AVAILABLE DATA START
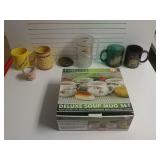 Mugs, Soup Mug Set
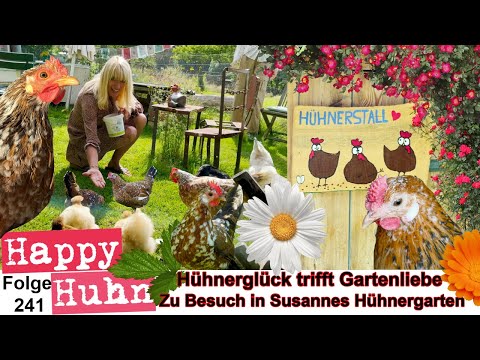 Chicken happiness meets garden love, part 2: Susanne and her happy chickens in Bavaria HAPPY CHIC...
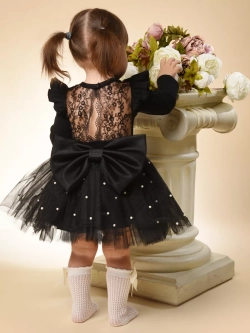 Юбка-пачка фатиновая с бусами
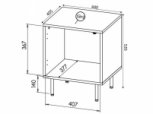Тумба прикроватная 2 шт. Hole 5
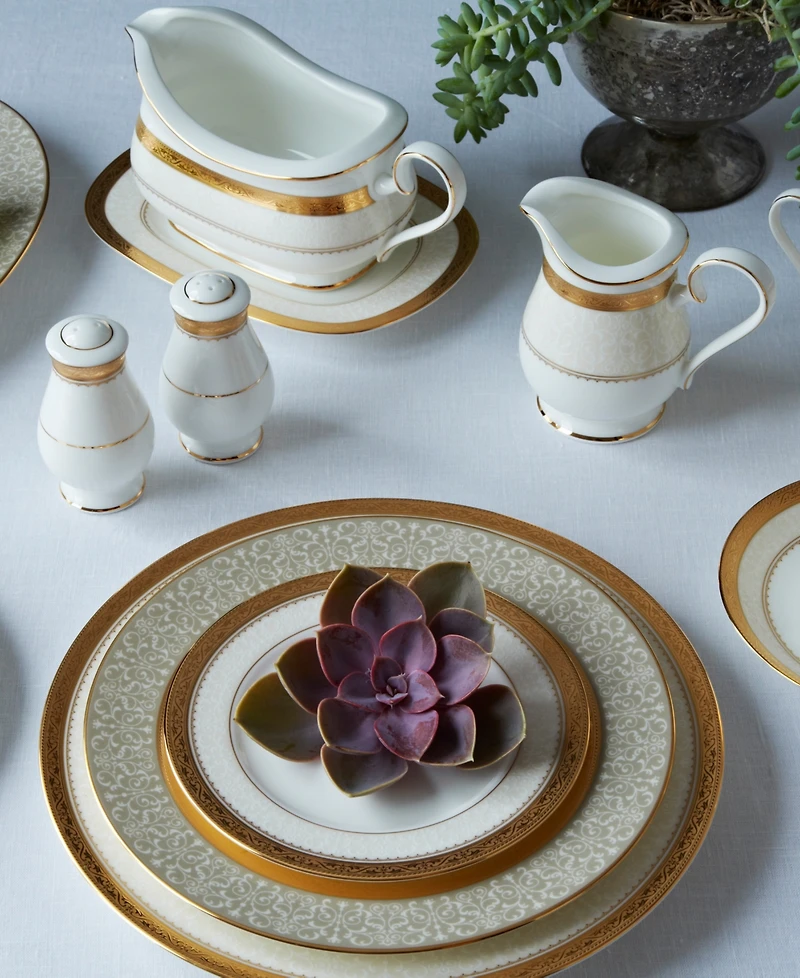 Noritake Odessa Gold Sugar Creamer Set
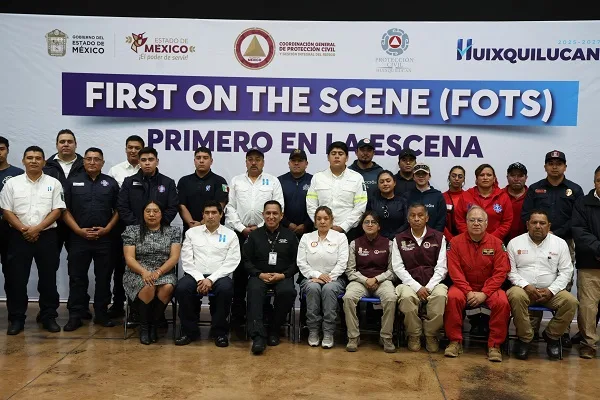 Huixquilucan lidera capacitación intermunicipal para reforzar la atención en emergencias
AVAILABLE DATA END
= TASK TO CARRY OUT =
Would you copy out the data exactly, leaving every picture out?

= TASK RESULT =
 Mugs, Soup Mug Set
 Chicken happiness meets garden love, part 2: Susanne and her happy chickens in Bavaria HAPPY CHIC...
 Юбка-пачка фатиновая с бусами
Тумба прикроватная 2 шт. Hole 5
 Noritake Odessa Gold Sugar Creamer Set
 Huixquilucan lidera capacitación intermunicipal para reforzar la atención en emergencias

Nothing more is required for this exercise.